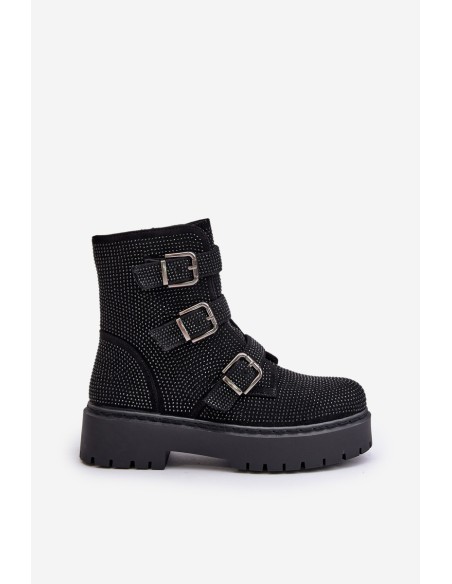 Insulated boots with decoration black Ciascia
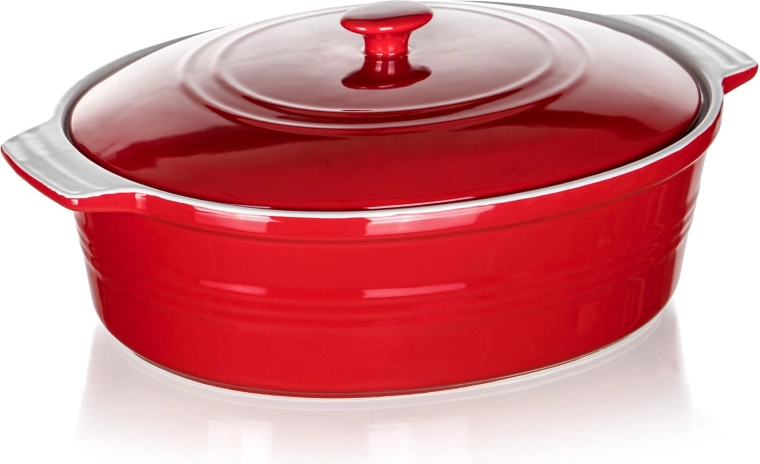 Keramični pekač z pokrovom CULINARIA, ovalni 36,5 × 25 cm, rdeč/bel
==
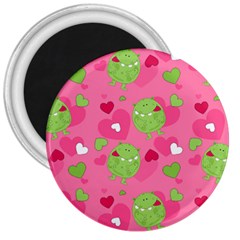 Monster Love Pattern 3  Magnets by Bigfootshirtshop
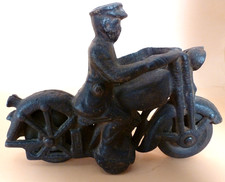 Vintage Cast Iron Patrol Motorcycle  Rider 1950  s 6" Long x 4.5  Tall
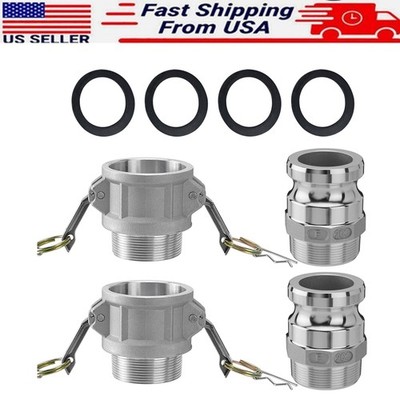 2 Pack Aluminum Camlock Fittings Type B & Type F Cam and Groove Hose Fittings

» **Your objective**
Using the data above, transcribe exactly the lines between those containing "Vintage Cast Iron" and "2 Pack Aluminum", inclusive, and leave every picture behind.

» **Answer box**
 Vintage Cast Iron Patrol Motorcycle  Rider 1950  s 6" Long x 4.5  Tall
 2 Pack Aluminum Camlock Fittings Type B & Type F Cam and Groove Hose Fittings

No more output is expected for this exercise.